= What the task requires =
With the pictures left aside, write out the entries that follow exactly.

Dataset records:
================

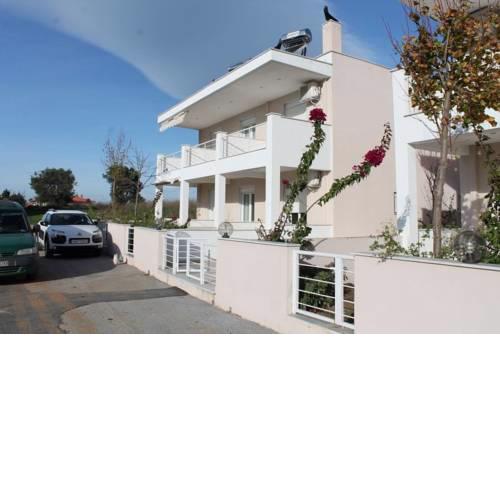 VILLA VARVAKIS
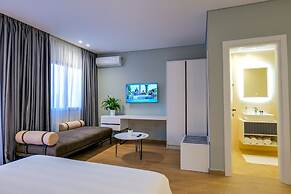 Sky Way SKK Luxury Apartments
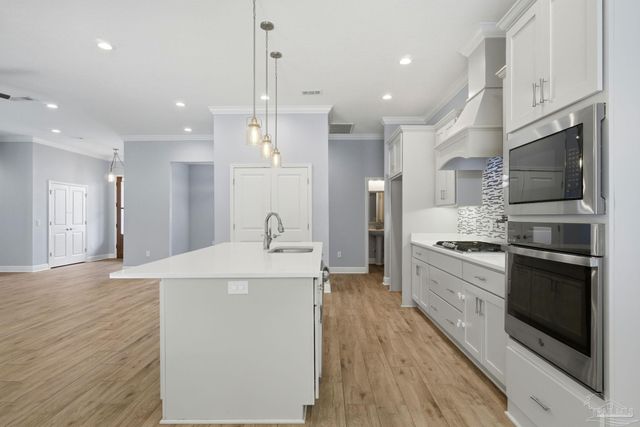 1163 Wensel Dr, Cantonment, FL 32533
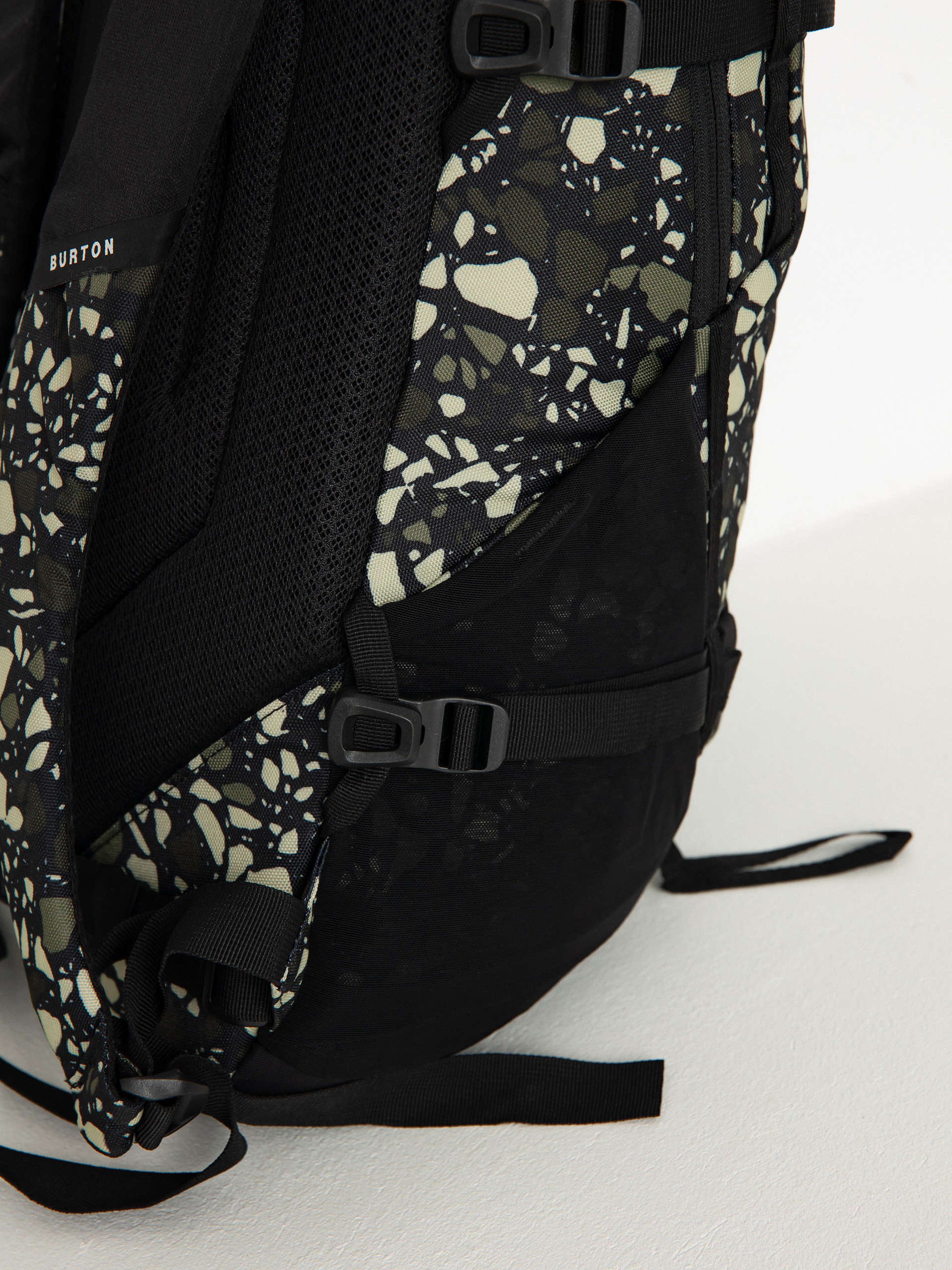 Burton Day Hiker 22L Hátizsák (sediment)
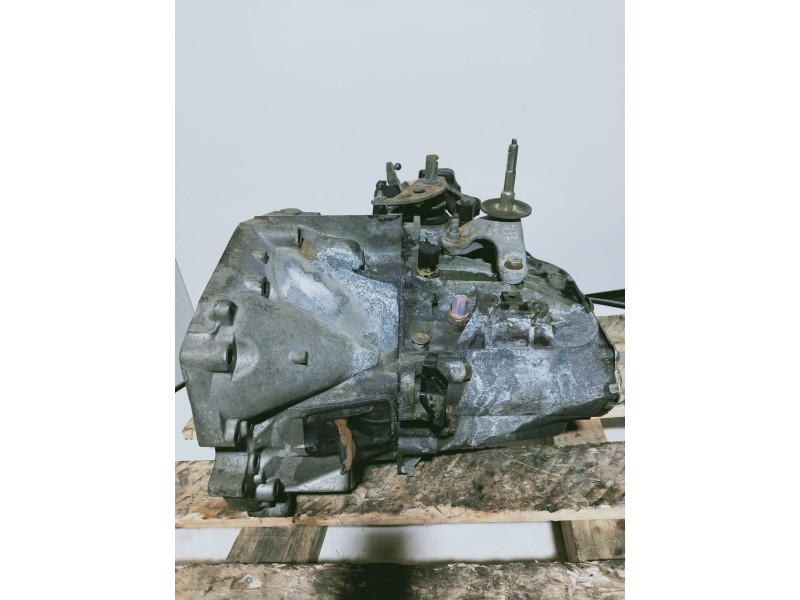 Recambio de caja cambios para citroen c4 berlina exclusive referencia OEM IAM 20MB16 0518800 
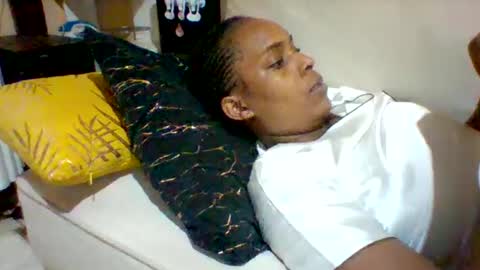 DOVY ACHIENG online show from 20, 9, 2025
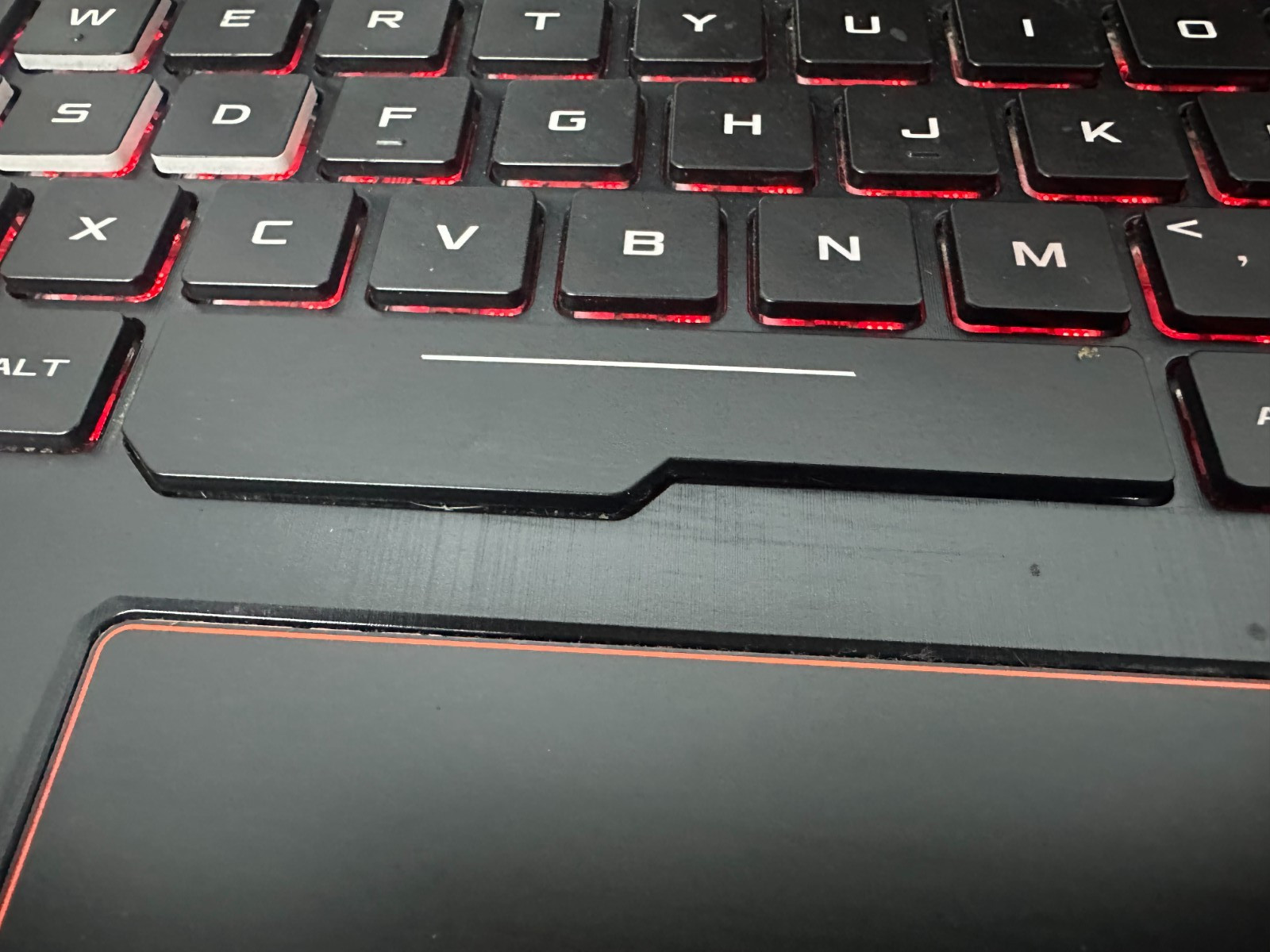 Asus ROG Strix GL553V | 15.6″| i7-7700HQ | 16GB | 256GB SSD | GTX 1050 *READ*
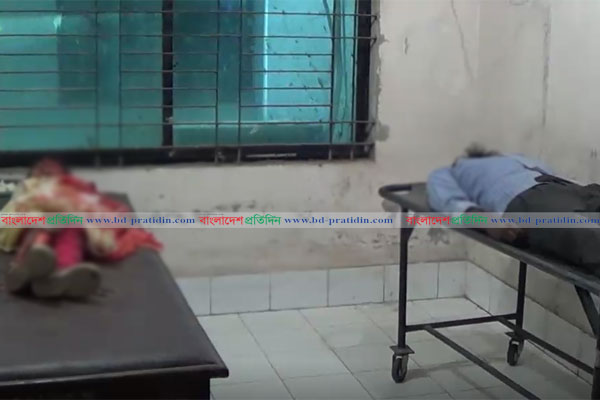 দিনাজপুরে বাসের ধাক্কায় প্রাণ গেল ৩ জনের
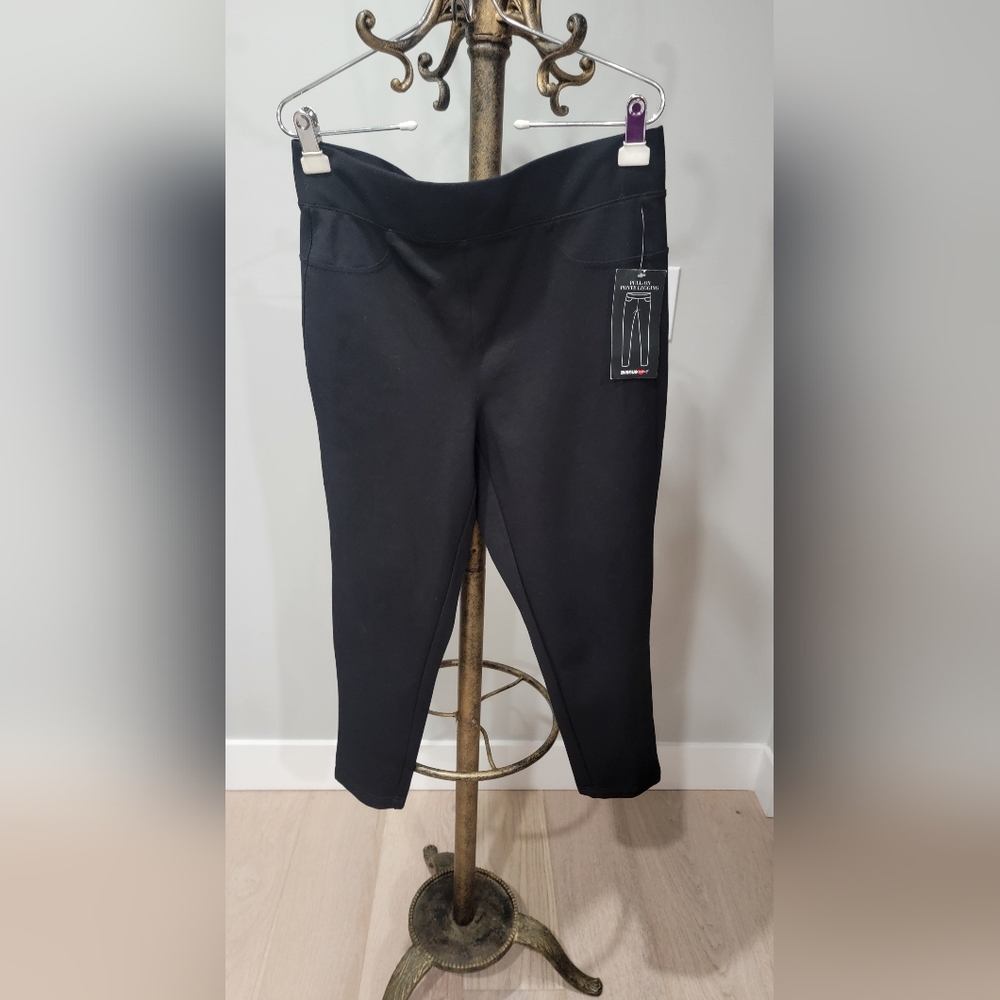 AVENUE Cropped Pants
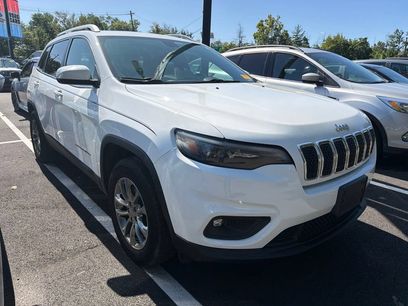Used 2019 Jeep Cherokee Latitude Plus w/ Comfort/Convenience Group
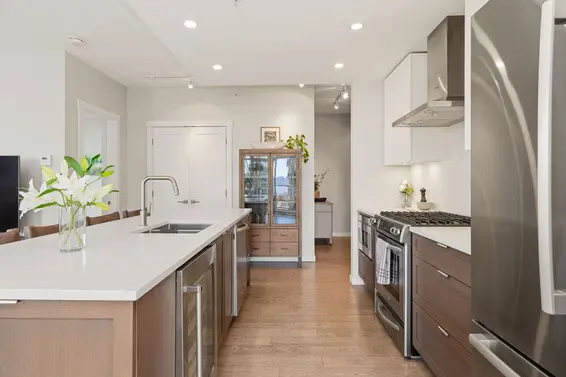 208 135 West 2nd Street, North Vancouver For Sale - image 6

================

= Exercise solution =
 VILLA VARVAKIS
 Sky Way SKK Luxury Apartments
 1163 Wensel Dr, Cantonment, FL 32533
 Burton Day Hiker 22L Hátizsák (sediment)
 Recambio de caja cambios para citroen c4 berlina exclusive referencia OEM IAM 20MB16 0518800 
 DOVY ACHIENG online show from 20, 9, 2025
 Asus ROG Strix GL553V | 15.6″| i7-7700HQ | 16GB | 256GB SSD | GTX 1050 *READ*
 দিনাজপুরে বাসের ধাক্কায় প্রাণ গেল ৩ জনের
 AVENUE Cropped Pants
Used 2019 Jeep Cherokee Latitude Plus w/ Comfort/Convenience Group
 208 135 West 2nd Street, North Vancouver For Sale - image 6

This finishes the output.